(GIVEN MATERIAL):
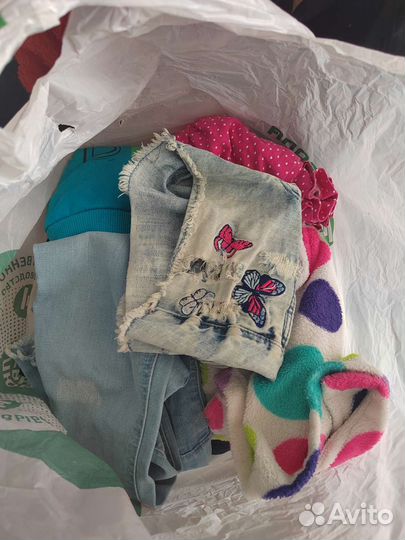 Вещи пакетом на девочку отдам бесплатно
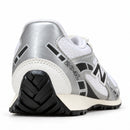 New Balance 204L Branco/Preto — vista traseira baixa, câmera junto ao chão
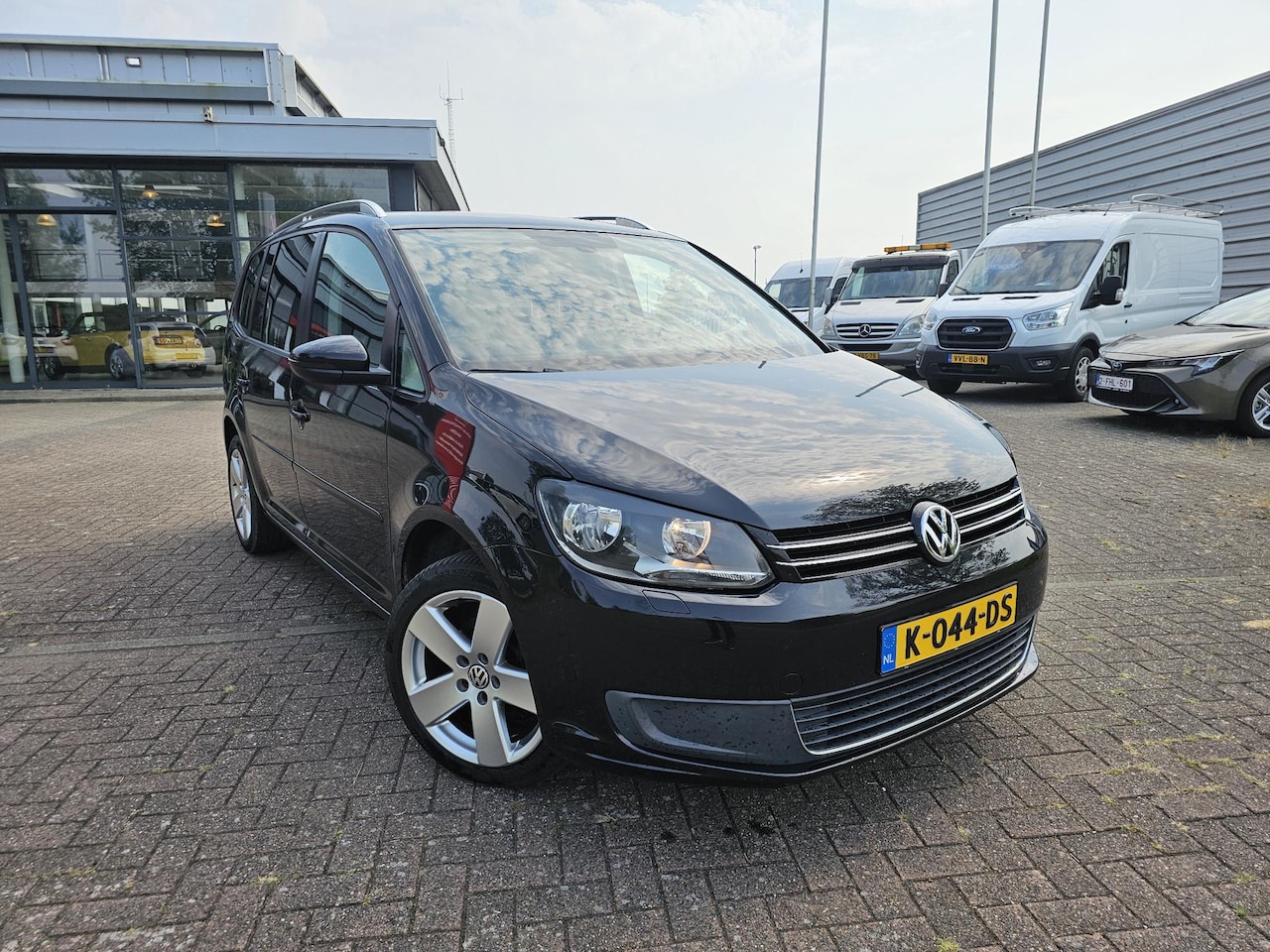 Volkswagen Touran - 1.4 TSI Comfortline 7p. 1.4 TSI Comfortline 7p. Trekhaak - AutoWereld.nl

(WHAT YOU HAVE TO DO): Could you write out verbatim only those lines that run from the line containing "New Balance 204L" through the end of the listing above, both included, without the pictures?

(EXERCISE RESULT):
 New Balance 204L Branco/Preto — vista traseira baixa, câmera junto ao chão
 Volkswagen Touran - 1.4 TSI Comfortline 7p. 1.4 TSI Comfortline 7p. Trekhaak - AutoWereld.nl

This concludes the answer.